Rien de plus faible enfin que cette page de Lasaulx : un peuple produit quelquefois un homme qui devient en quelque sorte son âme, dans lequel s’incorporent ses aspirations, et qui, lorsqu’il parle, exprime d’une manière claire et frappante ce qui se trouvait à l’état latent dans tous les cœurs ; il en a été ainsi, poursuit-il, des prophètes juifs ; quand ils ont parlé, ils n’ont fait que de donner une expression à ce que chacun pensait ou désirait plus ou moins vaguement. — Rien de plus faible que cela, disons-nous, car les prophètes de l’A. T. n’ont aucunement la prétention d’être les organes de leurs concitoyens ; ils sont presque toujours en lutte avec l’esprit général de leur nation ; quand tout va bien chez les Juifs, les prophètes se taisent, et jamais ils n’élèvent autant la voix, jamais ils ne font briller aux yeux de la foi un plus magnifique avenir, que lorsque leurs compatriotes sont le plus découragés par les malheurs des temps.

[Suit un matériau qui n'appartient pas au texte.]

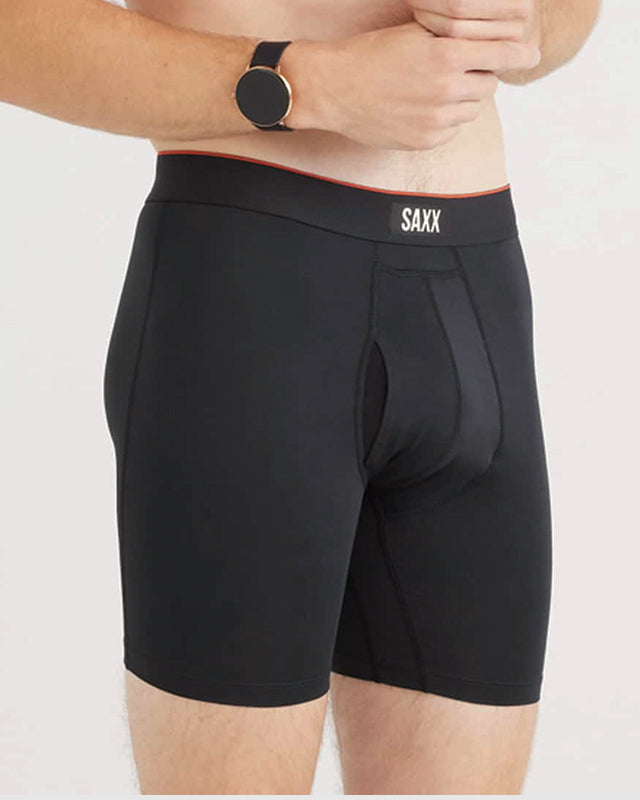 Model wearing black boxer briefs with 'SAXX' branding on a plain background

[Chez les païens, au contraire, nous voyons les devins, et en général la foi mythologique, baisser avec la vie nationale. Les Grecs de la décadence ne consultaient plus leurs oracles, ou du moins ils n’y avaient recours que pour des choses de minime importance, un départ, un mariage, et c’est pour cela, pense Plutarque, que la Pythie ne parle plus en vers (Plut. De Pyth. orac. chap. 28, et De defectu Orac, chap. 7).]

Ils se savent les interprètes de pensées infiniment supérieures à celles des hommes. « Autant les cieux sont élevés par dessus la terre, autant mes voies sont élevées par dessus vos voies et mes pensées par dessus vos pensées. » (Ésaïe 55.8-9 ; voyez § 5.)

Le contenu des révélations dépasse quelquefois si fort l’horizon des prophètes, qu’ils ne savent comment faire pour rendre exactement tout ce qu’ils ont reçu. Quand on lit avec quelque attention les livres des prophètes, on ne tarde pas à reconnaître qu’il leur est arrivé d’écrire des choses qui étaient décidément plus grandes que leur compréhension, et pour lesquelles ils ne trouvaient pas d’expression adéquate. Avant la Pentecôte l’Esprit de Dieu n’habitait pas chez les hommes ; il descendait, il tombait, il fondait sur les prophètes (Ézéchiel 11.5 ; 1 Samuel 10.6). pour les quitter bientôt ; il ne leur était pas toujours possible de s’assimiler pleinement les révélations qu’ils avaient reçues (1 Pierre 1.10).